Ada Colau tiene soluciones para todo y, cuando algo sale mal, la culpa siempre es de otro. Hace unos días, en una de sus habituales sobreactuaciones patrióticas en beneficio de los lazis –que la detestan, se ponga como se ponga-, se lanzó a defender la inmersión lingüística ante el supuesto atropello del Tribunal Supremo, que obliga a impartir el 25% de las clases en castellano, y lo hizo enviando a la privada a los que quieran más clases en la lengua mayoritaria de Cataluña. Ella sabe que la escuela pública sale más o menos gratis y que la privada cuesta un dinerito. Puede que entre quienes demandan más castellano en las aulas haya algunos potentados, pero en la inmensa mayoría del colectivo abundan los que van justitos de pasta, los precarios y los pobres, a los que condena a tragarse la inmersión tanto si les gusta como si no. Una actitud no muy de izquierdas, diría yo.

El otro día, ante la trágica muerte de una familia de okupas rumanos (padre, madre, un crío de tres años y un bebé), Ada se apresuró a echarle la culpa del desastre al banco propietario del local en que se declaró el funesto incendio.
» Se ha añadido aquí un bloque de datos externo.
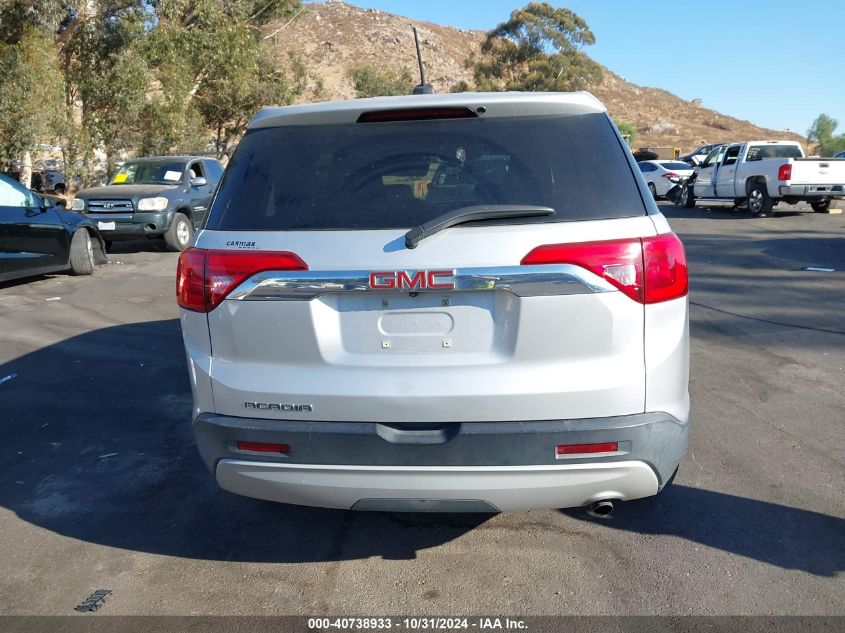 2017 GMC Acadia Sle-1 VIN: 1GKKNKLA9HZ169231 Lot: 40738933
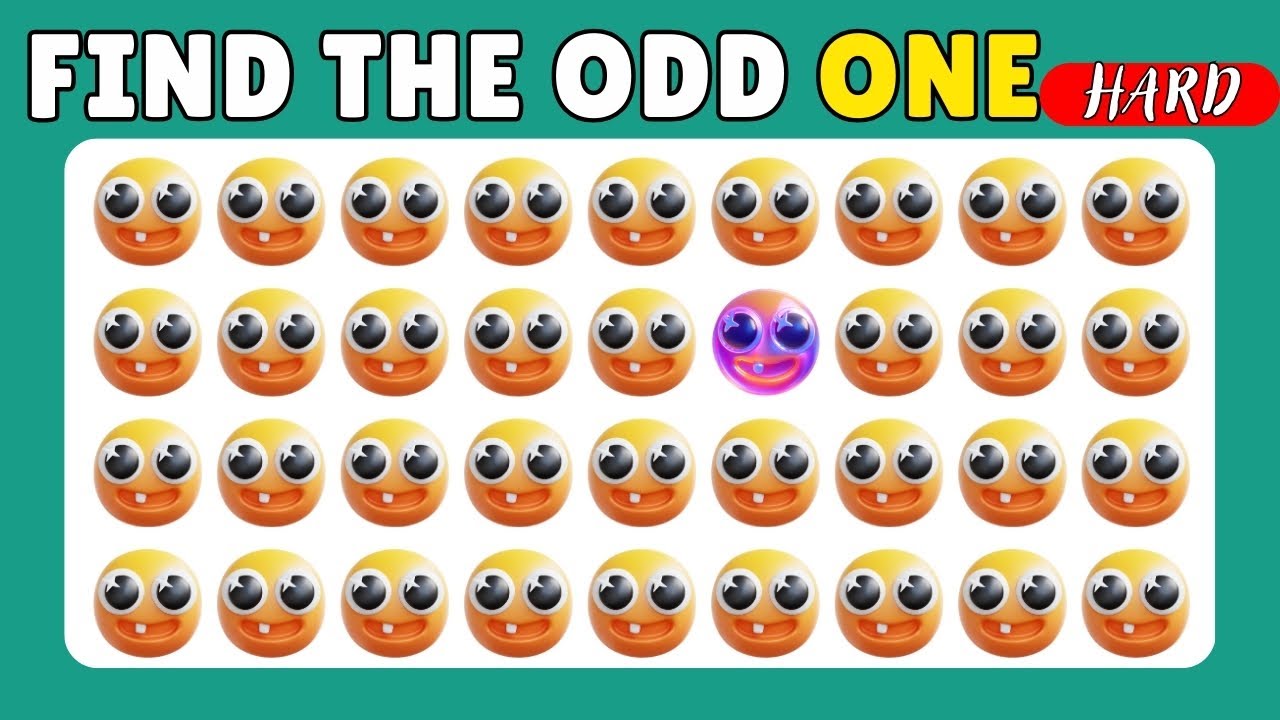 Find the Odd One 👀🧠  Only Sharp Minds Will Win!  Kitty Quiz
Ciertamente, los bancos podrían hacer algo más con las oficinas que abandonan: como me comentaba un amigo, no les costaría nada tapiarlas con un muro de ladrillo que les costaría cuatro cuartos. ¿Pero quién les garantiza que el Ayuntamiento no pone a disposición de los señores okupas picos y palas para echar abajo el muro y que puedan acceder tranquilamente a una propiedad privada? Barcelona es la ciudad española con más okupación, y en ello ha jugado un papel relevante la administración Colau, con su actitud tolerante (rayana en el fomento de tan discutible actividad) con respecto al asunto. Y entre la masa de okupas barceloneses se calcula que hay más de doscientos menores de edad sobre los que los servicios sociales deberían tener algo que decir, me parece a mí.

Sostiene el Ayuntamiento que la familia rumana de la plaza Tetuán estaba supervisada por los servicios sociales, aunque no sé yo si permitir que un niño de tres años y un bebé vivieran en esas condiciones puede considerarse lógico y razonable. La última inspección no había detectado peligro alguno en la sucursal bancaria okupada, aunque todo parece indicar que robaban la electricidad de donde podían y que esas iniciativas suelen gastar bromas de muy mal gusto. Los difuntos habían recibido 88 visitas del ayuntamiento. Como se dedicaban a la chatarra, no era fácil instalarlos en otro sitio, y además se mostraban reticentes a hacerlo, aunque compartían la seudo vivienda con cuatro jóvenes paquistaníes con los que no se llevaban muy bien. Da la impresión de que aquí ha fallado todo: el padre de familia que, empujado por la miseria, es incapaz de ofrecer un alojamiento seguro a su prole; el banco que abandona sus locales y se desentiende de ellos; el Ayuntamiento que contempla con simpatía supuestamente progresista y anti sistema a los okupas; los servicios sociales que, pese a sus múltiples visitas, no acaban de ver la necesidad de acabar con una situación insostenible. Y así hasta que un mal día salta una chispa, se declara un incendio y la diñan cuatro seres humanos. Reacción de la alcaldesa: la culpa es del dueño del inmueble y a mí que me registren.

El mísero okupa que no sabe dónde meterse está, socialmente hablando, unos escalones por debajo del castellanoparlante pobretón condenado a la inmersión lingüística de sus hijos. Uno y otro merecerían un trato distinto por parte de la alcaldesa de Barcelona. Decir que la culpa de la muerte del primero es de un banco y que el segundo recurra a una escuela privada que no se puede permitir es de una frivolidad que roza el cinismo. Así se las gasta nuestro mal menor particular mientras duda en si volverse a presentar para alcaldesa de Barcelona o si se lanza a la política nacional bien enganchada a Yolanda Díaz: ella, a lo suyo y el que venga atrás, que arree.